Early Career Teachers: Classroom rules and routines

This article was written for SecEd magazine.  

Aristotle once said that “excellence is not an act but a habit”, and so it is with teaching: the foundations of a successful classroom are built of routines, regularly repeated and reinforced.

Without this essential ground-work the edifice of learning would simply crumble. Let us take a look at some of the routines – the mechanics of the classroom – that trainee teachers may wish to establish or NQTs may wish to build on come September

Establishing the habit of cooperation

When setting and enforcing routines, it is often tempting to focus on the big things. After all, it is hard to ignore a flagrant flouting of the rules without losing face. But the silent killer in the classroom is low-level disruption – those seemingly minor distractions like tapping a pen, swinging on a chair, chewing gum, drawing graffiti in an exercise book, and so on.

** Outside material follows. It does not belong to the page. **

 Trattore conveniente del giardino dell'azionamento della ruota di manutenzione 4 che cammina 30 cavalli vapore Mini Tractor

Low-level disruption is what really stymies learning because it wages a war of attrition; it corrodes the edifice of good practice you have worked so hard to construct. The best way to deal with low-level disruption is to remember that it is not (usually) intended to undermine you, it is just a cheap form of entertainment.

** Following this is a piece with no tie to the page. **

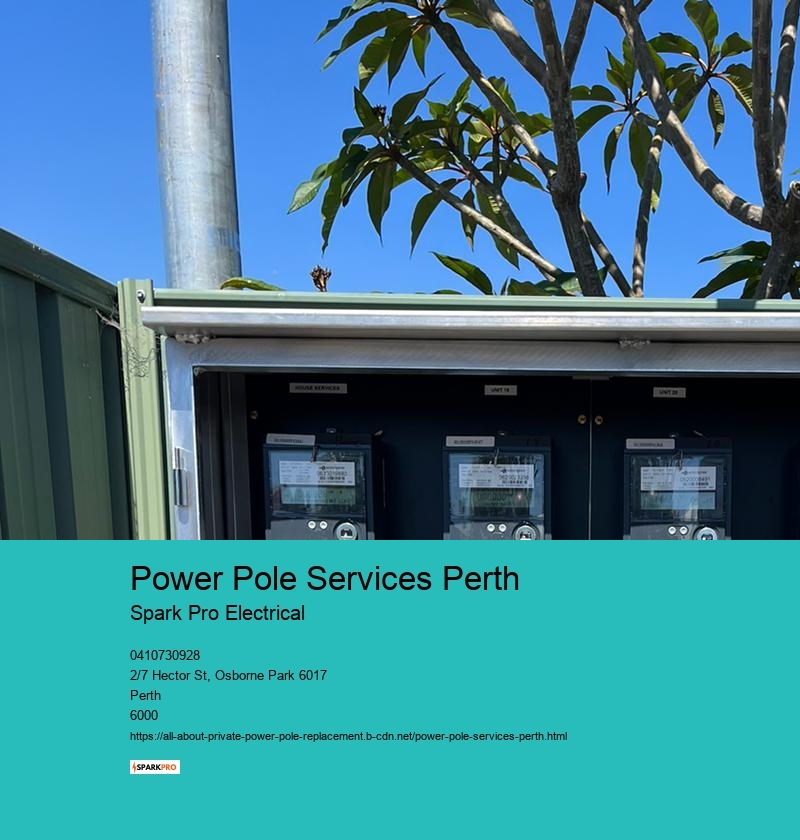 High-Performance Power Pole Replacement in Perth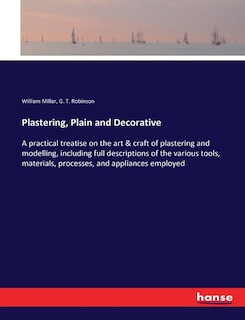 Couverture_Plastering, Plain and Decorative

So keep your cool. Quickly take the names of the perpetrators without making a scene or stemming the flow of learning, then sanction them after the lesson – but do not ignore it or it will spread like a virulent weed.

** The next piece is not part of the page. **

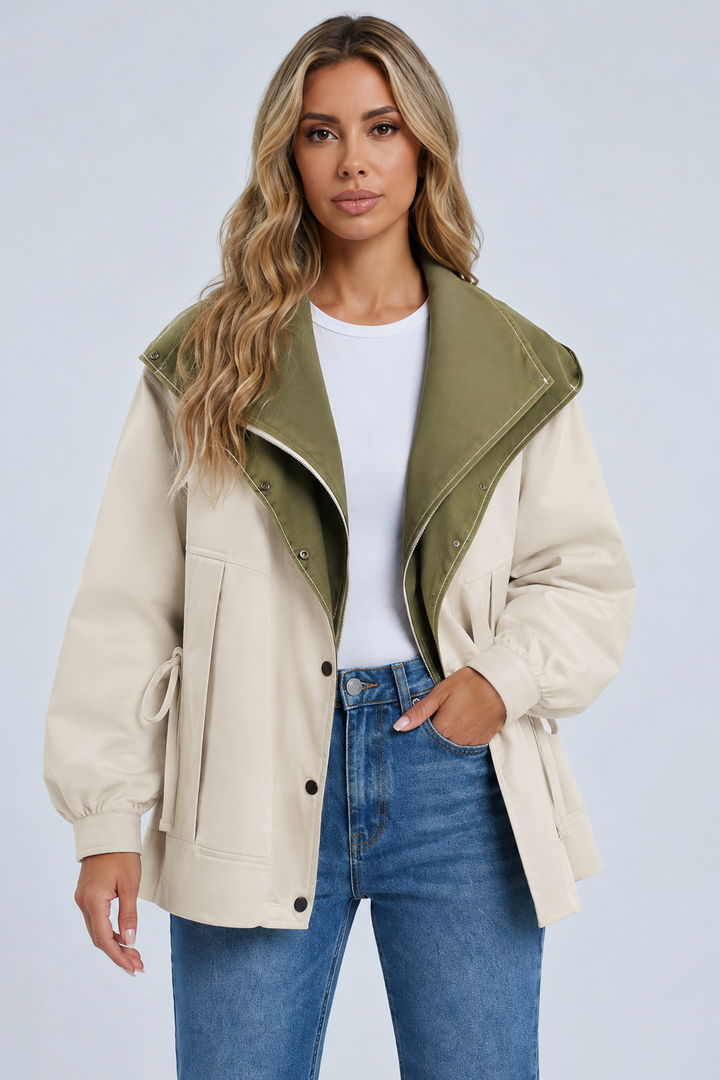 Stefania | giacca antivento oversize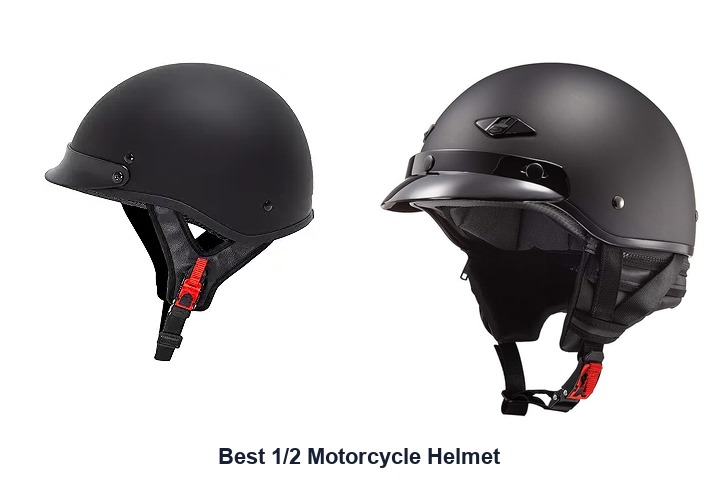 best 1/2 motorcycle helmet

Most low-level disruption arises at the beginning and end of lessons and during transitions between tasks. It would follow, therefore, that to embed good routines for managing these transitions is – at least in part – to obviate low-level disruption.

The beginnings of lessons

You can make or break a lesson in the first few minutes. You need to establish your authority and show them that your classroom is your domain. Make pupils line-up outside – at least for the first lesson – and only enter once they are silent, attentive, and have removed their coats.

Once pupils have embedded the behaviours you expect for entering your classroom and sitting down, you might want to have tasks readily displayed on the board or on desks so that pupils can get started as soon as they enter. You should always greet pupils at the door where possible, and do so with a smile and quick greeting.

The best starter work is that which reviews, consolidates or builds on the work completed in the previous lesson or lessons, and that which requires pupils to revisit or revise work they had previously found difficult.

Whatever approach you decide upon for the start of your lessons, always try to be in your classroom before your pupils and have your resources ready to go. Have a lesson planned in advance (this might be in your head, a written lesson plan is not essential) and make sure you know what you are talking about. If pupils think you are more disorganised than they are, they will not respect you or trust you to help them make progress.

The ends of lessons

Set out clear expectations for the end of lessons, too, and manage them just as keenly as you do the beginning: you are in charge and only you can say when the lesson has finished and pupils can pack away.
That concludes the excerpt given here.